Tidak sampai disitu saja, jarak dari perbatasan sampai ke ibukota Tunisia masih jauh. Menurut Said, jaraknya sekitar 580 km dengan perjalanan selama tujuh jam. Di sini, lagi-lagi ada kendalanya.
“Rakyat Tunisia masih dalam suasana euforia demokrasi. Jika malam tiba, warga terkadang menutup jalan untuk meminta imbalan. Maka dari itu, kami selalu melakukan perjalanan pada siang hari.” Kata Said.
Setelah tiba di KBRI Tunis, para TKI diusahakan dapat kembali secepatnya ke tanah air.

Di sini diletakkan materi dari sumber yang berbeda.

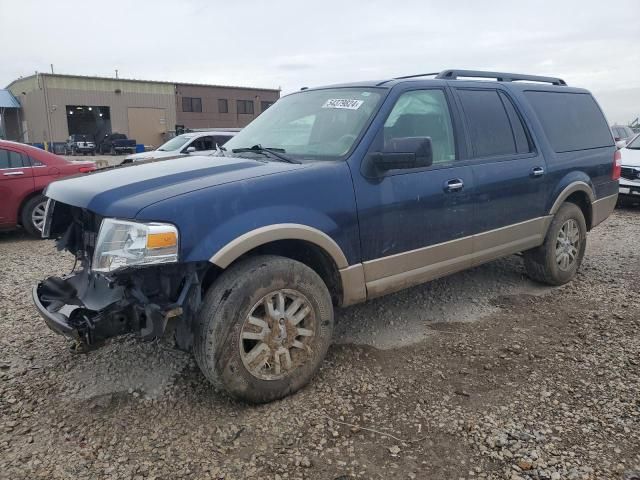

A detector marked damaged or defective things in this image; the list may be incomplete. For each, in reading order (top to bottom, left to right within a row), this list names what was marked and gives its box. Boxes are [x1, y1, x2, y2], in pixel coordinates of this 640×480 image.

cracked headlight [92, 218, 179, 272]
damaged front bumper [32, 268, 196, 350]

Said mengatakan KBRI Tunis per 7 Agustus kemarin telah memulangkan 629 WNI kembali ke Indonesia.
.:: Tahapan Pemulangan TKI
Pergolakan di Libya mencapai puncaknya pada Maret lalu saat Dewan Keamanan PBB mengeluarkan resolusi tahun 1973 yang mengatur zona larangan terbang. Resolusi dikeluarkan setelah diyakini Moammar Khadafi menggunakan pasukan udara untuk menggempur para demonstran.
Pasukan koalisi pimpinan Amerika Serikat mulai menggempur berbagai fasilitas militer Libya, terutama hanggar-hanggar jet tempur di seantero negara tersebut. Tidak lama, pasukan NATO ikut serta menghancurkan kekuatan Khadafi. Para pemberontak makin dapat angin. Mereka akhirnya membentuk pemerintahan tandingan dan merekrut tentara mereka sendiri. Situasi Libya semakin genting.
Sebelum situasi semakin membahayakan, Kemlu mengeluarkan perintah evakuasi terhadap 800 lebih warga negara Indonesia. Paling pertama yang dipulangkan adalah sekitar 262 karyawan PT Wika yang tengah membangun sebuah mall di Libya. Perusahaan ini menyewa sebuah pesawat untuk memulangkan seluruh karyawan mereka.
Berangsur-angsur selama akhir Februari hingga awal Maret, proses evakuasi dilangsungkan selama tiga tahap. Juru bicara kemlu, Kusuma Habir, kala itu mengatakan di tahap pertama ada 253 warga Indonesia yang dievakuasi. Tahap kedua 216 WNI dan tahap ketiga, 200 WNI.
Akibat situasi yang semakin berbahaya pulalah Kemlu memutuskan untuk menarik semuahome staff di KBRI Tripoli untuk pulang ke tanah air. Upaya evakuasi dan koordinasi antara WNI dan pemerintah Indonesia diambil alih oleh KBRI di Tunis.
.:: Tidak Menentu.
Atmosfir ketegangan di Tripoli memasuki babak baru saat pada Minggu, 21 Agustus 2011, pasukan pemberontak mengklaim telah masuk ke tengah kota Tripoli dan menguasai sebagian besar ibukota. Gumal Gamaty, perwakilan dari pemberontak Dewan Transisi Nasional, bahkan mengklaim telah menangkap putra Khadafi, Saif al-ISlam. Belakangan, pemberontak memperluas klaim mereka dengan mengatakan telah menangkap tiga putra Khadafi; Saif, Saadi dan Muhammad.
Namun, klaim ini dipatahkan setelah sehari setelahnya, Saif terlihat bercengkerama dengan para pendukungnya di ibukota. Saif membantah dengan keras bahwa dirinya tertangkap oleh pemberontak. Kepada wartawan di hotel Roxio, Tripoli, Saif menegaskan pemerintahan Libya masih kuat dan akan memberantas para pemberontak dari negaranya.
Sementara itu, Khadafi tidak diketahui rimbanya. Namun Saif mengatakan ayahnya masih hidup dan dalam keadaan sehat wal afiat. (Redaksi – HASMI//Viv).